High-capacity networked fire alarm/emergency communications system protects numerous sites
Silent Knight by Honeywell has expanded its Farenhyt line of combined fire alarm and emergency communication systems (ECS) with the IFP-2000ECS, which offers higher capacity and more power to protect larger facilities and multiple buildings.
Silent Knight by Honeywell (NYSE: HON) has expanded its Farenhyt line of combined fire alarm and emergency communication systems (ECS) with the IFP-2000ECS, which offers higher capacity and more power to protect larger facilities and multiple buildings. As many as 16 Farenhyt IFP-2000ECS panels can be networked together and support up to 10,176 points (i.e. detectors, pull stations, etc.) The Farenhyt ECS line is now capable of providing nearly all sizes and types of properties with both reliable fire protection and an effective means for broadcasting emergency alerts in one system and from one cabinet, says the company.
The same system can deliver highly-intelligible audio communications pertaining to fire alarms as well as weather, terrorist, hazmat and other events. Capable of utilizing up to 16 amplifiers to deliver a maximum of 2,000 Watts of power to audio circuits, Honeywell says the IFP-2000ECS can easily meet required intelligibility levels, even in large spaces with high ambient noise, such as factories and sports arenas. Each IFP-2000ECS includes a microphone for authorized users to send live messages, in addition to eight buttons, which can be programmed with pre-recorded messages.
This same panel can also be equipped with 16 to 64 audio switches to which specific speakers in specific building locations can be assigned. Labels on each switch allow users to quickly choose the area(s) to which specific alerts should be sent, while a standard All-Call switch can be used to communicate with all areas within a building. In the event the main amplifier is damaged, back-up audio is available to ensure messages are still delivered. Additionally, for applications such as high-rise buildings where two different messages are required to be sent at the same time, the IFP-2000ECS offers dual channel communications. For example, the Farenhyt ECS can send an evacuation message to the area of an incident, as well as to the floor above and below it, while sending a shelter-in-place message to all other floors to smooth the flow of egress.

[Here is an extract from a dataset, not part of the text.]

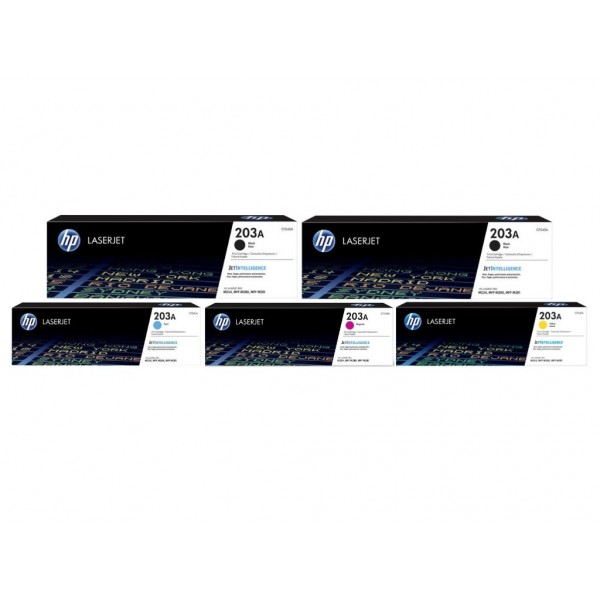 Set Cartuse Toner Original HP (203A) 2x CF540A Negru, 1x CF541A Cyan, 1x CF543A Magenta, 1x CF542A Galben, 6700 pagini si stick USB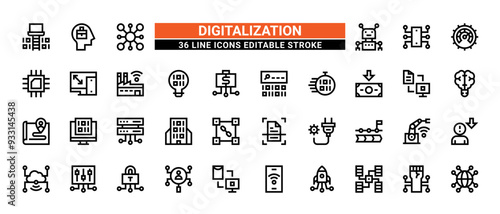 36 Digitalization Line Icons Set Pack Editable Stroke Vector Illustration.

Silent Knight’s Farenhyt ECS line meets the latest NFPA 72: National Fire Alarm & Signaling Code, UL 2572 Standard for Control and Communication Units for Mass Notification Systems, and Department of Defense United Facilities Criteria standards. The system's intelligent amplifiers also meet the 520 Hz code requirements set forth by NFPA for compliance with Americans with Disabilities Act (ADA) requirements for alerting those with mild to severe hearing loss and those within commercial sleeping quarters. (Per the 2010 version of NFPA 72, on January 1, 2014, 520 Hz fire alarm sounders are required to be installed in commercial sleeping rooms, such as hotels, school dormitories and nursing homes.)
“With the ECS, we’ve changed the dynamics of a fire alarm to communicate more than just fire alarm evacuations using loud horns and flashing strobes,” comments Jim Spooner, Farenhyt product manager, Silent Knight. “You may not want people to go outside. That’s why a combined system like Farenhyt’s ECS can alert people of a problem, provide instructions and even override the fire alarm evac signal if it was intended to create targets of opportunity.”